• Robert Ho's avatar
    mm, proc: fix region lost in /proc/self/smaps · 855af072
    Robert Ho authored
    Recently, Redhat reported that nvml test suite failed on QEMU/KVM,
    more detailed info please refer to:
    
       https://bugzilla.redhat.com/show_bug.cgi?id=1365721
    
    Actually, this bug is not only for NVDIMM/DAX but also for any other
    file systems.  This simple test case abstracted from nvml can easily
    reproduce this bug in common environment:
    
    -------------------------- testcase.c -----------------------------
    
    int
    is_pmem_proc(const void *addr, size_t len)
    {
            const char *caddr = addr;
    
            FILE *fp;
            if ((fp = fopen("/proc/self/smaps", "r")) == NULL) {
                    printf("!/proc/self/smaps");
                    return 0;
            }
    
            int retval = 0;         /* assume false until proven otherwise */
            char line[PROCMAXLEN];  /* for fgets() */
            char *lo = NULL;        /* beginning of current range in smaps file */
            char *hi = NULL;        /* end of current range in smaps file */
            int needmm = 0;         /* looking for mm flag for current range */
            while (fgets(line, PROCMAXLEN, fp) != NULL) {
                    static const char vmflags[] = "VmFlags:";
                    static const char mm[] = " wr";
    
                    /* check for range line */
                    if (sscanf(line, "%p-%p", &lo, &hi) == 2) {
                            if (needmm) {
                                    /* last range matched, but no mm flag found */
                                    printf("never found mm flag.\n");
                                    break;
                            } else if (caddr < lo) {
                                    /* never found the range for caddr */
                                    printf("#######no match for addr %p.\n", caddr);
                                    break;
                            } else if (caddr < hi) {
                                    /* start address is in this range */
                                    size_t rangelen = (size_t)(hi - caddr);
    
                                    /* remember that matching has started */
                                    needmm = 1;
    
                                    /* calculate remaining range to search for */
                                    if (len > rangelen) {
                                            len -= rangelen;
                                            caddr += rangelen;
                                            printf("matched %zu bytes in range "

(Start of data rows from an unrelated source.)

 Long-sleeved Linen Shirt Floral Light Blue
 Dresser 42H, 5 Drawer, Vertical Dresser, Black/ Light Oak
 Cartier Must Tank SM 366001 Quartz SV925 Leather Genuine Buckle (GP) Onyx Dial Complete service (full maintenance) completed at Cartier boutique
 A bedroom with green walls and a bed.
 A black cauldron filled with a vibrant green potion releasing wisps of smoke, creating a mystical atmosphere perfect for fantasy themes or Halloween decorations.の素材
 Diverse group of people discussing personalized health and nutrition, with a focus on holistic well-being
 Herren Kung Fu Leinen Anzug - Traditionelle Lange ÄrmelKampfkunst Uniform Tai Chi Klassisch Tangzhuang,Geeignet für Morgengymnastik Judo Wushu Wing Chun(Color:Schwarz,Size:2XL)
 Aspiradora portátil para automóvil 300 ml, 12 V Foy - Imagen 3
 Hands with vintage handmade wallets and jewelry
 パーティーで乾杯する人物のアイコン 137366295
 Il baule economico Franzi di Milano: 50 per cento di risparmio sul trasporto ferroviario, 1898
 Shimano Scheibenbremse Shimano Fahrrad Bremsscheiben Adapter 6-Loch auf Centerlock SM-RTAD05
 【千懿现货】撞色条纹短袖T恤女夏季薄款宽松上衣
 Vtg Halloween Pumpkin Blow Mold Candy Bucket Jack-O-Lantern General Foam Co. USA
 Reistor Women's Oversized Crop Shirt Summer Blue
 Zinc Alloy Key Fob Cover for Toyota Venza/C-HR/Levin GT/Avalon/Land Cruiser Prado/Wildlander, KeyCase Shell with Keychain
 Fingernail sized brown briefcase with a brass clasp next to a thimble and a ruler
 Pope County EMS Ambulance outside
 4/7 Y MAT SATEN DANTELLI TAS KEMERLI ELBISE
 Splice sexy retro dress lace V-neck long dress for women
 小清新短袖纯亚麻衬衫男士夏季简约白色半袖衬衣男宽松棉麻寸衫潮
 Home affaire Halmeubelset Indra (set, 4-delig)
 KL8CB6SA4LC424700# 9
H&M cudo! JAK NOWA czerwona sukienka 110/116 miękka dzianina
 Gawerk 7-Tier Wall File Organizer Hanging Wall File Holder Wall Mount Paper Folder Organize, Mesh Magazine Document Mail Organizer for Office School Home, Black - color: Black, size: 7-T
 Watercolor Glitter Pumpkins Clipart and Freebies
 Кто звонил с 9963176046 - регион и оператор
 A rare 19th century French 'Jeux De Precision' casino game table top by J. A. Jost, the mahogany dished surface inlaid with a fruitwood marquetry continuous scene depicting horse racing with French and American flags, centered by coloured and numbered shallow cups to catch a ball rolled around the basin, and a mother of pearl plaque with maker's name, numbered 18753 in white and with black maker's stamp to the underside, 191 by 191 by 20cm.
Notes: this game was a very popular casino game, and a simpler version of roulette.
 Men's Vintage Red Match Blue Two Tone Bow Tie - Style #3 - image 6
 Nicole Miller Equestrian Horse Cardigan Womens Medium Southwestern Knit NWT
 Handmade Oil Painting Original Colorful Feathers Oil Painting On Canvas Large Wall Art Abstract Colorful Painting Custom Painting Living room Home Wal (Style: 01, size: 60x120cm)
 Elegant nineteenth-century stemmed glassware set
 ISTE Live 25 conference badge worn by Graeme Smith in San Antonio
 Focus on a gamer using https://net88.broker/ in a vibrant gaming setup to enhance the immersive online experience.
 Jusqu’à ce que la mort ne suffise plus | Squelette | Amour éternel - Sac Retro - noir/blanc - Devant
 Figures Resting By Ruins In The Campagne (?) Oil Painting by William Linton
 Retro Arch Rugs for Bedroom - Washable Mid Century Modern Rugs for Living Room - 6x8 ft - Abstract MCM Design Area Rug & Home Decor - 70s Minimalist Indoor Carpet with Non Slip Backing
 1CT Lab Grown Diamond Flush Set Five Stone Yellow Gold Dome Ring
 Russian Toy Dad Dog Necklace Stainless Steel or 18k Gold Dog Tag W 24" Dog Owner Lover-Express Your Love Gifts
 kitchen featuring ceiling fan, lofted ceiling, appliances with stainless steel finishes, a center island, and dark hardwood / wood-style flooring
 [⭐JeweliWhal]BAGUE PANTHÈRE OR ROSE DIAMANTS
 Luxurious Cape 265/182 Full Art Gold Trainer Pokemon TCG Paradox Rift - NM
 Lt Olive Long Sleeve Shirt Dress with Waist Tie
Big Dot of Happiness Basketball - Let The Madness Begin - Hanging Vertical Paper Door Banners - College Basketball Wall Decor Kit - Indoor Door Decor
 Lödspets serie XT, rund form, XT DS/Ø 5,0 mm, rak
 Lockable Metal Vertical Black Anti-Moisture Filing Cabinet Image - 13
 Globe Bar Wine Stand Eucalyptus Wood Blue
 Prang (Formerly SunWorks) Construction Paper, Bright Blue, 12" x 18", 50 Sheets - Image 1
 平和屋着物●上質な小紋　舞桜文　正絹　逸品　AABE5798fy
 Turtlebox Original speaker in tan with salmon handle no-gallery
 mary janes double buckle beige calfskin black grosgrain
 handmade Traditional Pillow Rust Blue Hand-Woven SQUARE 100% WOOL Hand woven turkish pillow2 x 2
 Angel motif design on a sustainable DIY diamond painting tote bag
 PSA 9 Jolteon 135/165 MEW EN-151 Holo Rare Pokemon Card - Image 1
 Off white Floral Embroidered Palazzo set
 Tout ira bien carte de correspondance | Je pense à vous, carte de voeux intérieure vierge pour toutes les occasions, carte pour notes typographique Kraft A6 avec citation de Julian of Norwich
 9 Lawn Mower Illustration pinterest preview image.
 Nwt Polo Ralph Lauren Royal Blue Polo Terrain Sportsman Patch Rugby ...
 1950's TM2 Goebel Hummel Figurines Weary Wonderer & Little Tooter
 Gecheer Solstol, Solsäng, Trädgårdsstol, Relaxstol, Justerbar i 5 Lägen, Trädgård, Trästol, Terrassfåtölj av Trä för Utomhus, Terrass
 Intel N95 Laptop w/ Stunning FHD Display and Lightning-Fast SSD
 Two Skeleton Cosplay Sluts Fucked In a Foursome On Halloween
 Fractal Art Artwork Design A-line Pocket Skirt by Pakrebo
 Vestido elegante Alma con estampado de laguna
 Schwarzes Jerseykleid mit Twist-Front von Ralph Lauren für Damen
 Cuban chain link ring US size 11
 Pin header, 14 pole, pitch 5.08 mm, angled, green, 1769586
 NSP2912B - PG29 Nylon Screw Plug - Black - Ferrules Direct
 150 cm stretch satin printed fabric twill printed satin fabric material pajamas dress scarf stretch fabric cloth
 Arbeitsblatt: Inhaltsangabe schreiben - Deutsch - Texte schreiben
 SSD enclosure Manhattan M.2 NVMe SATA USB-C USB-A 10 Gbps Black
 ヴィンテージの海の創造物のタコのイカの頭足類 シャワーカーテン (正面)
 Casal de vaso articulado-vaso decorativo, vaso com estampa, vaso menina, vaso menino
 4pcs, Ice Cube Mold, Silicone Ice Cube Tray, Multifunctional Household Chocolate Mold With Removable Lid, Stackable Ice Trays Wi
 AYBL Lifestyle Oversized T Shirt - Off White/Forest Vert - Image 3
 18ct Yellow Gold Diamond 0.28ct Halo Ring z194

                                                    "%p-%p, %zu left over.\n",
                                                            rangelen, lo, hi, len);
                                    } else {
                                            len = 0;
                                            printf("matched all bytes in range "
                                                            "%p-%p.\n", lo, hi);
                                    }
                            }
                    } else if (needmm && strncmp(line, vmflags,
                                            sizeof(vmflags) - 1) == 0) {
                            if (strstr(&line[sizeof(vmflags) - 1], mm) != NULL) {
                                    printf("mm flag found.\n");
                                    if (len == 0) {
                                            /* entire range matched */
                                            retval = 1;
                                            break;
                                    }
                                    needmm = 0;     /* saw what was needed */
                            } else {
                                    /* mm flag not set for some or all of range */
                                    printf("range has no mm flag.\n");
                                    break;
                            }
                    }
            }
    
            fclose(fp);
    
            printf("returning %d.\n", retval);
            return retval;
    }
    
    void *Addr;
    size_t Size;
    
    /*
     * worker -- the work each thread performs
     */
    static void *
    worker(void *arg)
    {
            int *ret = (int *)arg;
            *ret =  is_pmem_proc(Addr, Size);
            return NULL;
    }
    
    int main(int argc, char *argv[])
    {
            if (argc <  2 || argc > 3) {
                    printf("usage: %s file [env].\n", argv[0]);
                    return -1;
            }
    
            int fd = open(argv[1], O_RDWR);
    
            struct stat stbuf;
            fstat(fd, &stbuf);
    
            Size = stbuf.st_size;
            Addr = mmap(0, stbuf.st_size, PROT_READ|PROT_WRITE, MAP_PRIVATE, fd, 0);
    
            close(fd);
    
            pthread_t threads[NTHREAD];
            int ret[NTHREAD];
    
            /* kick off NTHREAD threads */
            for (int i = 0; i < NTHREAD; i++)
                    pthread_create(&threads[i], NULL, worker, &ret[i]);
    
            /* wait for all the threads to complete */
            for (int i = 0; i < NTHREAD; i++)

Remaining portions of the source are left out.